In this paper, an ECG data based ensemble network method for user recognition in smart car platform environment was proposed. Recognition performance was verified by applying 2D ECG image to the CNN model which has displayed excellent performance in image recognition and classification fields. Training data was transformed into 2D image by proceeding through the process of noise removal and signal segmentation for each period after classifying them with the fiducial point based method using feature point detection and nonfiducial point method due to time change. In addition, an ensemble network was designed to retrain with good feature data extracted from each single network in order to process data that is difficult to train in a single network and applied to the user recognition system. When the performance of the method proposed in this paper was analyzed, accuracy of the ensemble network based user recognition using 2D fiducial point ECG image displayed improvement of 1%~1.7% compared to the single network based user recognition performance. User recognition result for 2D nonfiducial point ECG image using the ensemble network based user recognition method displayed 0.9%~2% improved performance compared to the single network based user recognition performance.
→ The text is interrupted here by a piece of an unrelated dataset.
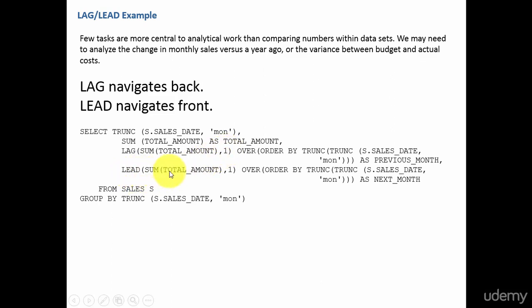In the same way, in the lead, if I say one, it moves forward by one. If I say two, it moves forwards by two. So now let's go.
In addition, by solving the problem inherent in single networks that display low recognition rate due to the inability to recognize similar waveforms with the proposed ensemble network, potential for application in a smart car platform that requires high reliability was verified. In the future, we plan to conduct research on user recognition for real life applications by acquiring multiple proprietary DBs based on state changes like the ECG measurement location and user workout, sleep and after drinking. In addition, we will also compare and analyze the performance of 1 dimensional ECG signals applied to the same network without converting them into 2D images. And we plan to improve the recognition performance by designing and combining various networks based on user change.

Data Availability

The Normal Sinus Rhythm DB data used to support the findings of this study have been deposited in the MIT-BIH repository PhysioNet.

Conflicts of Interest

The authors declare that there are no conflicts of interest regarding the publication of this paper.


This work was supported by the National Research Foundation of Korea (NRF) grant funded by the Korea government (No. 2018R1A2B6001984) and supported by Basic Science Research Program through the National Research Foundation of Korea (NRF) funded by the Ministry of Education (No. 2017R1A6A1A03015496).